But let’s assume you’re not doing that last thing. You’ve got this piece, and you think it’s pretty good, or anyway you think it could be pretty good. If you can figure out how to get it there.
The first thing you want to do is re-read what you’ve written. It’s likely—almost certain, in fact—that what’s really on the page is going to be different than how you remember it. It might be better, it might be worse, but in any case—different. It really doesn’t matter. What matters is that you take the time out to survey the lay of the land, and make those (re)discoveries, whatever they might happen to be. Most likely, it won’t be a question of better and worse at all. It’ll be a question of interest. Very often, the thing you initially sat down to write about will have been eclipsed during the writing process by something else that caught your attention. So maybe the first revision questions to ask yourself are: What do I think this piece is about? What is it actually about? And then, what do I want it to be about?
That last one is especially important, because it’s going to govern what happens next. Maybe the thing that side-tracked you is much more interesting than your original thought, which is why you pursued it when you were writing. Very often in literature, just as in life, it’s the alleyways and by-roads, the out of the way places, where the most interesting experiences are to be had. On the other hand, maybe you’re dead-set on writing about X, not Y or Z or Q, and in that case you’re going to need to back up to the road-fork where you made that hard right turn, and this time take the left instead.

Revising Up, Revising Down

At the most basic level, there are only two ways to revise something. You can add to it, or you can take away from it. (Or you can spend all day moving commas around, but that’s a whole other thing.) If you’re adding, the main concerns are what to add, and where. If you’re writing prose, especially prose fiction, you might be looking for opportunities to add detail, to the emotional state of a character, or the physical details of the world of the story, or wherever else it seems relevant and useful. What you don’t want to do is go around adding details for their own sake, just because you can, or even worse—just to make the piece longer.
You may wind up adding whole scenes or events to a story. In the original draft, you might have written that Sally took the bus across town to her doctor’s appointment. In your revision, it might occur to you that if the busroute Sally is on goes by the Raritan, then perhaps it would be a fine thing to actually write the scene of Sally on the bus, looking out over the polluted water and exposed riverbeds thinking about despoiled nature and how sick the world is, or perhaps irked that there’s traffic—Sally’s going to be late. And maybe these thoughts are interrupted by a girl in the next row loudly cracking her gum and blathering into her cellphone about some problem she’s having with her boyfriend.
Are these useful details? Is this or that scene integral or extra? A happy diversion or an irritating distraction? Only the writer can answer these questions, but the point is this: every authorial choice you make as a writer, will open up a number of new possibilities to you, and simultaneously close off several others. A large part of your job is simply managing the array of options, which does not mean denying instinct—it means harnessing it.

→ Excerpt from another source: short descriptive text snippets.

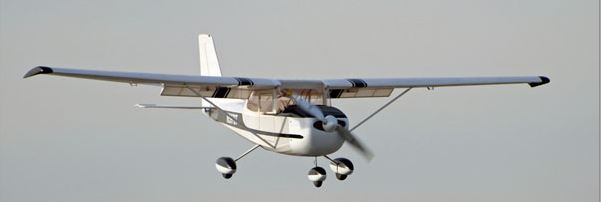 Cessna 172 Skyhawk — Coming Soon to a Backyard Near You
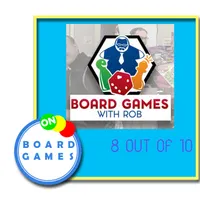 On Board Games artwork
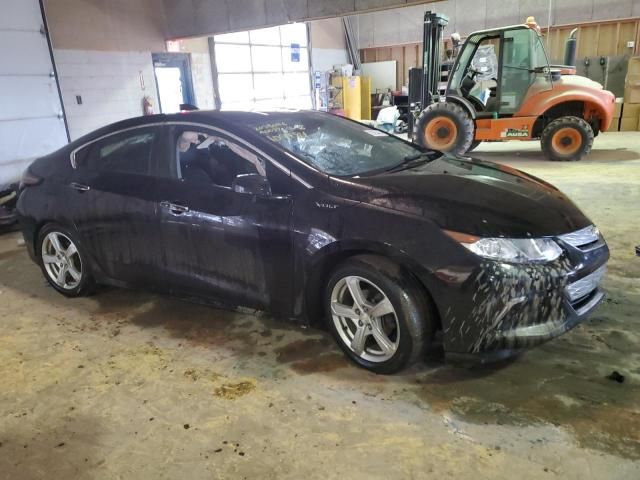 2017 Chevrolet Volt LT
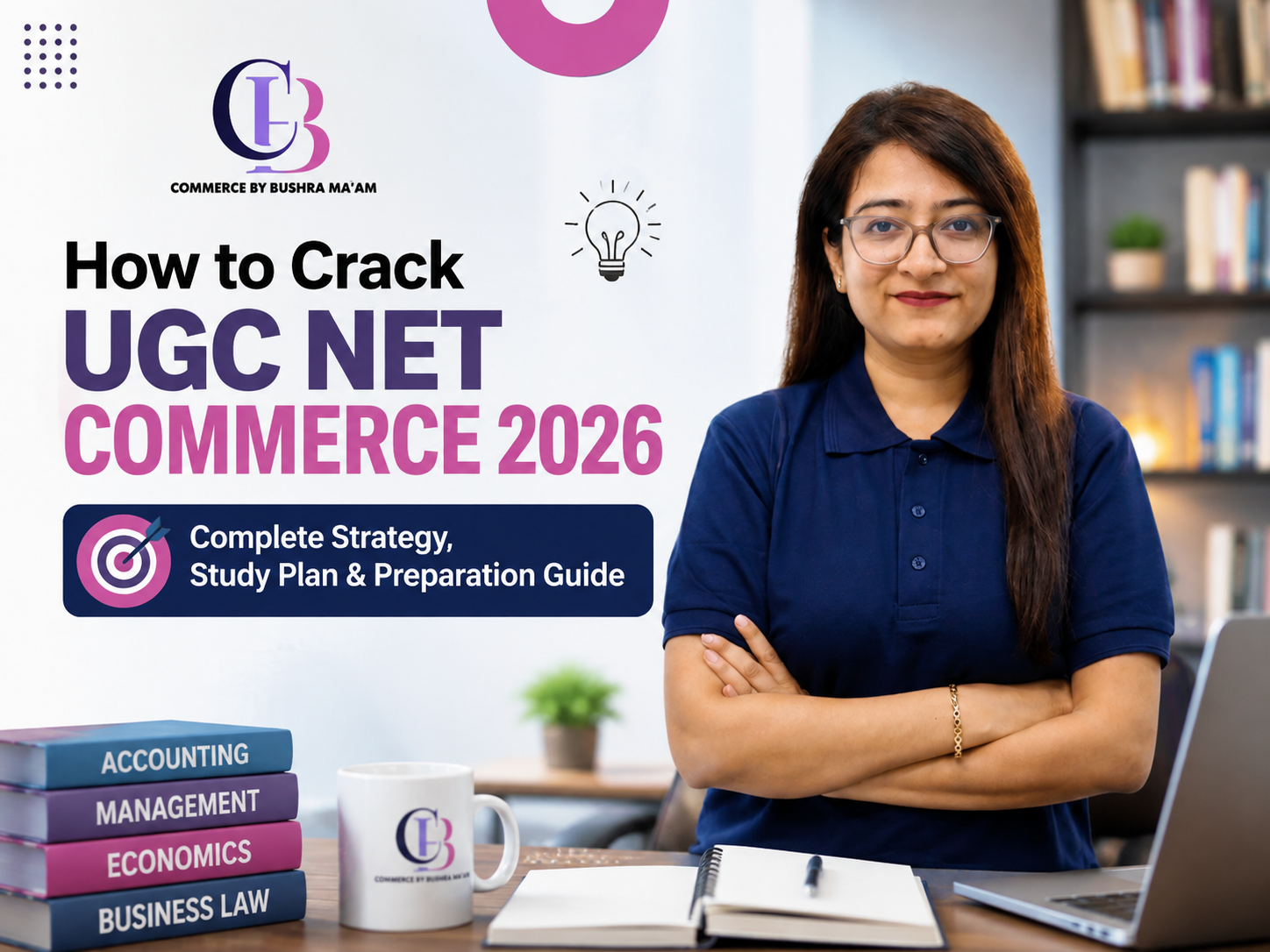 UGC NET Commerce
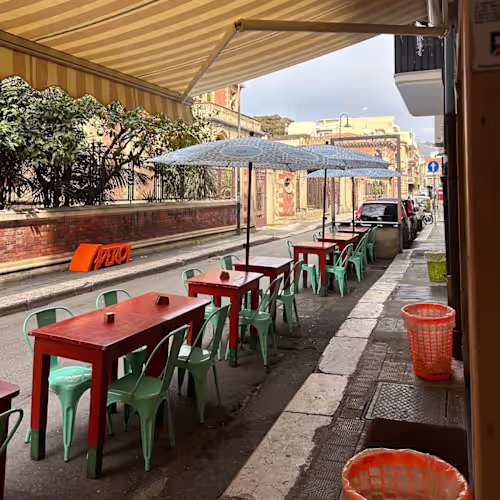 Zio Fedele Bistrot, Reggio Calabria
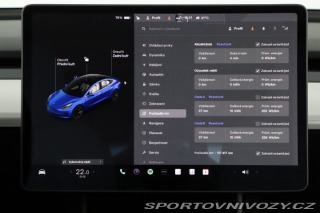 Tesla Model 3 Long Range 4WD 78kWh 2019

The other part of revision—the main part, I would argue—is cutting, or revising down. Does your work repeat itself? Are you overly fond of a certain word or phrase? Do you describe the weather too much? Hair color? What someone is thinking? These are all examples of details that can be useful and telling and interesting, when used judiciously and strategically, but which, when over-used, bog the work down and make it uninteresting and repetitive and scattered.

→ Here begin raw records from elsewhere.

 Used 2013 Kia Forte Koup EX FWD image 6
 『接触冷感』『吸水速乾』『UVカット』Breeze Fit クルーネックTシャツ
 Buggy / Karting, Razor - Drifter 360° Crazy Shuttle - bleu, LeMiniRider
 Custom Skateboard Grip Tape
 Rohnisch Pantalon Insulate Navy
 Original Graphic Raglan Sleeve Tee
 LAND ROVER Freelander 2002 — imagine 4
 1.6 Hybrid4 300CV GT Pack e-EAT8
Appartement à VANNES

A piece of writing—from the shortest poem to the longest novel—is a contained space. Even if you’re whispering, the sound is going to reverberate. Whatever you chuck at the walls or the ceiling is going to bounce right back at your head. The biggest problem many beginning writers (hell, many established writers) have is saying far too much—usually because they’re worried about saying too little. But the reader is a very perceptive creature, loyal as any good dog, and once you’ve earned his trust he will generally stick by your side, and pay attention to what you are telling him. As such, even a very important detail need not be repeated over and over. There’s no hard and fast rule about this (or about anything when it comes to writing) and sometimes, of course, the repetition itself is the point, but generally speaking, if the writer repeats something once or twice, its importance is going to be established in the reader’s mind.

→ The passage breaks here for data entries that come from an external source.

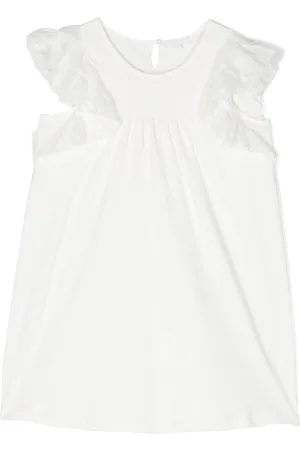 Chloé Vestido recto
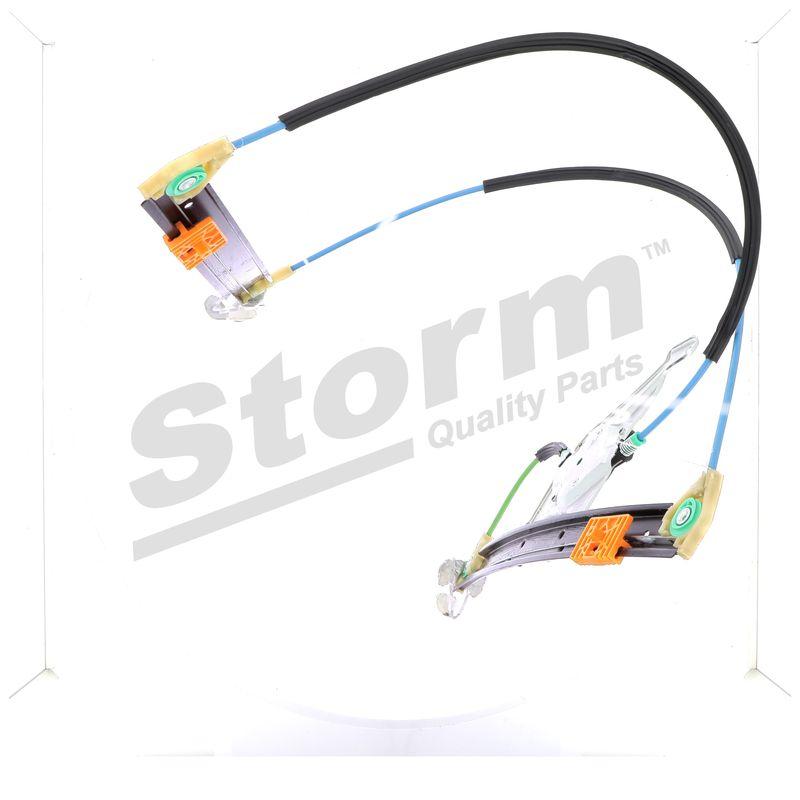Lève-vitre STORM QUALITY PARTS 10376
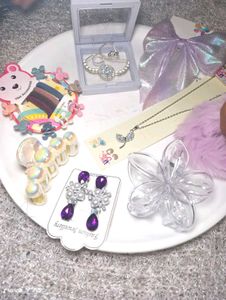 Assorted Accessories Bundle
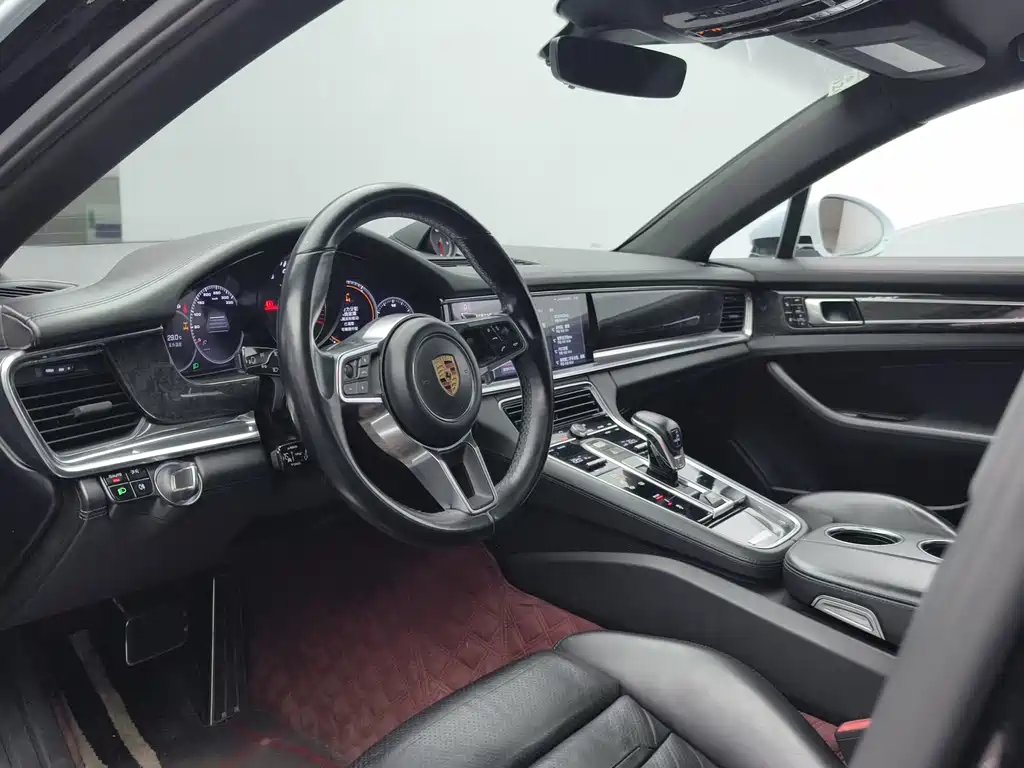 Panamera 2017 Panamera 4S 2.9T купить на сайте DeffCars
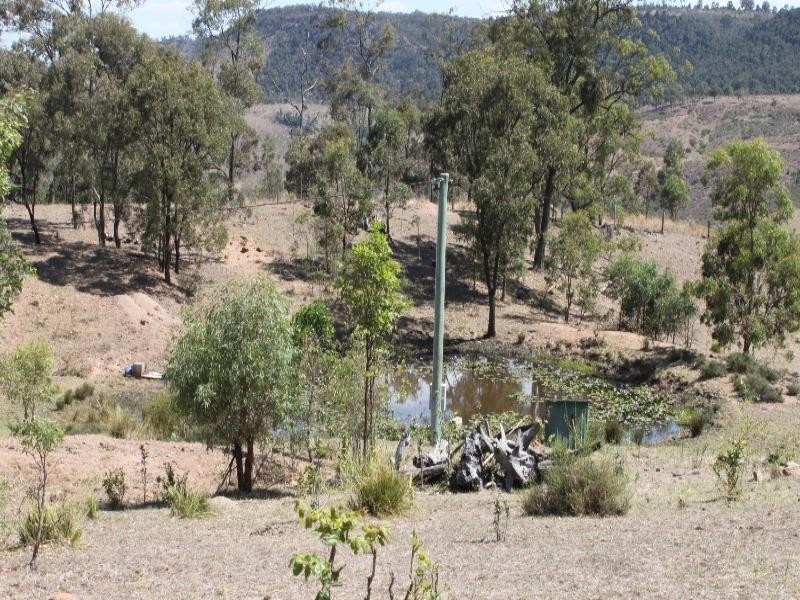 Mount Whitestone QLD 4347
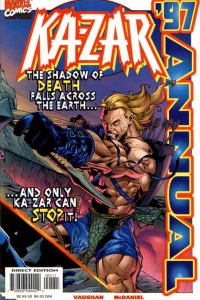 Ka-Zar '97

Writing is an art form that relies heavily on exchange—on a give and take between the writer and the reader. If you do all the reader’s work for them, you are depriving them of their rightful experience as the reader, that is, of the very thing they were looking forward to doing with you. Perhaps you have heard the expression “show, don’t tell.” It’s not a perfect directive, but its better than many, and on the whole not so bad, as directives go. In any case, it’s worth keeping in mind as a kind of standard, to be broken with, violated, or otherwise perverted on as-needed basis.
One of the best ways to revise is by ear. There are (at least) two reasons for this. The first is strictly practical—repeated words, clumsy or confused phrasing, and stuff that seemed like it’d be cool to write but actually came out boring, can all be difficult to identify on the page, because when you read your own work on the page you’re not really seeing what is there. You’re seeing what’s there mixed with how you feel about it, mixed with how you feel about how you felt when you wrote it, mixed with roughly a million other things. So reading your work aloud—to yourself or to someone else—is a way to change the form of your experience of the work. It changes from a reading experience to a listening experience, and your ear knows things about language that your eye does not. It knows, for example, when a joke falls flat, or when somebody says something that it didn’t understand. It knows that it’s heard the word “really” four times in the sentence “Sally was really tired, because she had stayed up really late last night, watching an old movie she had really loved since she was a really little kid.” And it knows that that’s a problem. Your eye knows this too, in its way, but the eye’s response is often to read past irritating stuff like that—you start to scan and skim, and so the problem doesn’t get corrected. But the ear has no such luxury. So one great way to revise down is by reading aloud, with a pen in your hand.

The second reason is less quantifiable, but hardly less important. All writing has rhythms. It doesn’t need to be rhymed, metered verse to have a flow to it. The music of the words—whether poetry or prose—should help move the reader through the text. It should make the reader want to dwell and re-read, but also to keep going. Speaking more generally, it should in some way—subtly or unsubtly—enhance the reading experience. Think back on texts we have read: the dizzying bursts of fine dark detail and overflowing heart in Christine Schutt’s story; the easy-does-it wit of the David Berman poems; the plain-jane sentences of Hemingway (reinforced by his elementary diction); and so on.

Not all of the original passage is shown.